Due diligence

October 4th, 2008

This is very interesting (thanks to Simon Elegant) from a report on cleaning up China’s air:

One of the most surprising findings was that “the kinds of technology
currently being adopted in China are not cheap. They’re not buying
junk, and in some cases the plants are employing state-of-the-art
technology.”

The findings suggest that emissions levels from Chinese
powerplants, he said, “depend almost entirely on the quality of the
coal they use. When they’re hit by price spikes, they buy low-grade
coal.” Lower-grade coal, which produces high levels of sulfur
emissions, can be obtained locally, whereas the highest-grade
anthracite comes mostly from China’s northwest and must travel long
distances to the plants, adding greatly to its cost. Contrary to what
many outsiders believe, the Chinese state has substantially improved
its ability to implement and enforce rules on technology standards. It
has been slower, however, to develop such abilities for monitoring the
day-to-day operations of energy producers.

I’m not sure where it was, but I read that the medical changes that actually increase longevity have been due less to breakthrough treatments than to the calibration of doses and regimens, etc. I suspect that there’s a more general moral here that applies to education as well.

Sarah Palin on education

October 3rd, 2008

On the one hand, I’m really glad no one is transcribing what I say. On the other hand, I have no idea what this means:

You mentioned education and I’m glad you did. I know education you are passionate about with your wife being a teacher for 30 years, and god bless her. Her reward is in heaven, right? I say, too, with education, America needs to be putting a lot more focus on that and our schools have got to be really ramped up in terms of the funding that they are deserving. Teachers needed to be paid more. I come from a house full of school teachers. My grandma was, my dad who is in the audience today, he’s a schoolteacher, had been for many years. My brother, who I think is the best schoolteacher in the year, and here’s a shout-out to all those third graders at Gladys Wood Elementary School, you get extra credit for watching the debate.

Education credit in American has been in some sense in some of our states just accepted to be a little bit lax and we have got to increase the standards.

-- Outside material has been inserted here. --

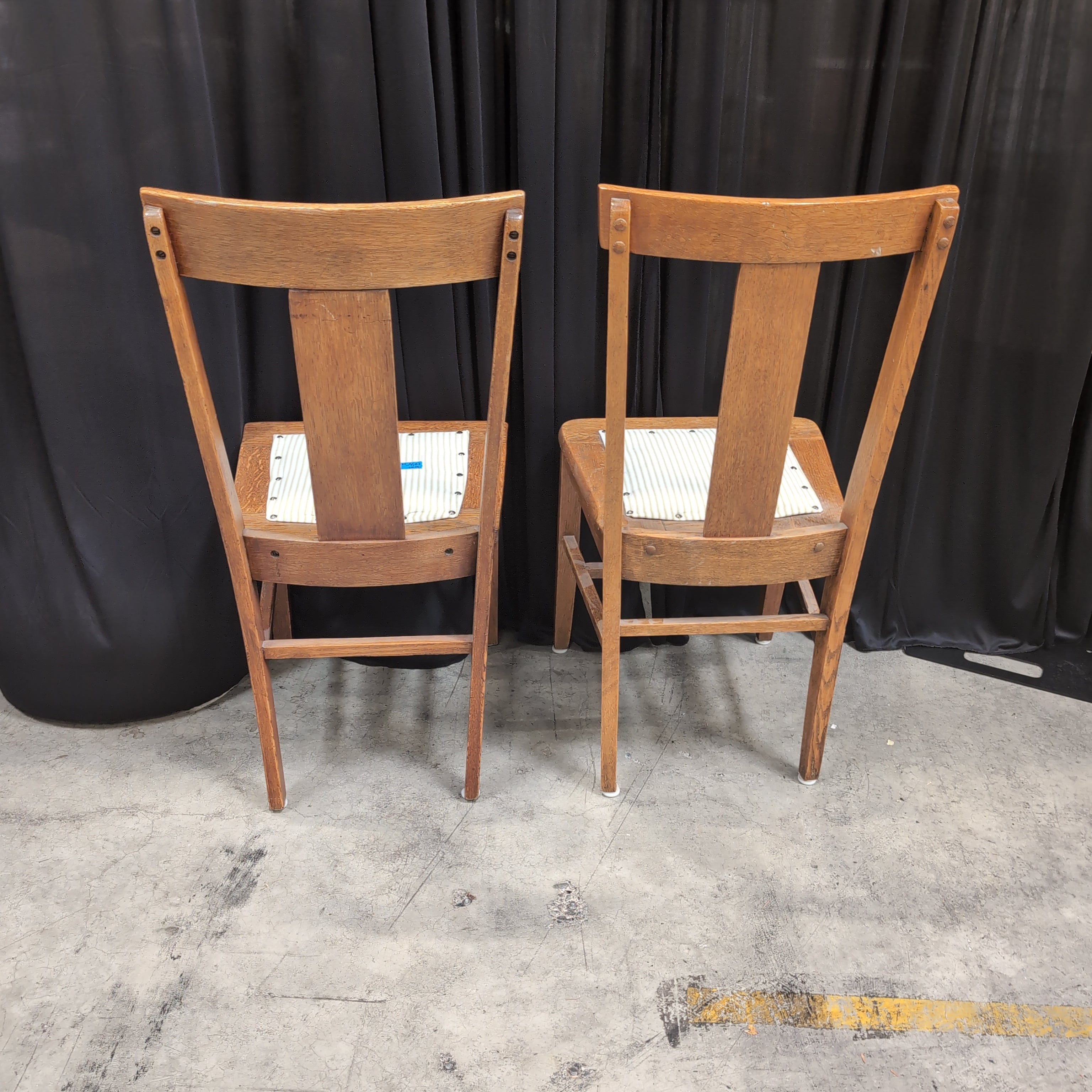 Pair of Oak T-Back Dining Chair with Striped Upholstery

No Child Left Behind was implemented. It’s not doing the job though. We need flexibility in No Child Left Behind. We need to put more of an emphasis on the profession of teaching. We need to make sure that education in either one of our agendas, I think, absolute top of the line. My kids as public school participants right now, it’s near and dear to my heart. I’m very, very concerned about where we’re going with education and we have got to ramp it up and put more attention in that arena.

from last night’s debate.

Candy and babies

September 23rd, 2008

It’s hard to imagine 13,000 hospitalized babies due to the milk contamination scandal in China.

And even “big white rabbit” candy, which I’ve been eating since my first trip to China in 1983, has melamine.

Adobe Soundbooth

September 22nd, 2008

Tomorrow Adobe will announce the next version of their video processing software (CS4, if you’re keeping score at home). It’s supposed to include AVCHD support (hurray!) and include Adobe Soundbooth, which will provide automatic speech to text conversion (hip-hip-hurray!). I just downloaded the Soundbooth beta and may play with it tonight to see if it might be a useable tool for us. Not holding my breath, but this is something that could be very far from perfect and still useful. Or not…

Still not in my price range, but definitely getting closer…

September 16th, 2008

Nvidia to Offer Its Chips in the New Cray Desktop - GigaOM

Google Audio Indexing

September 16th, 2008

Now just for political video, but I’m glad to see that this is in development.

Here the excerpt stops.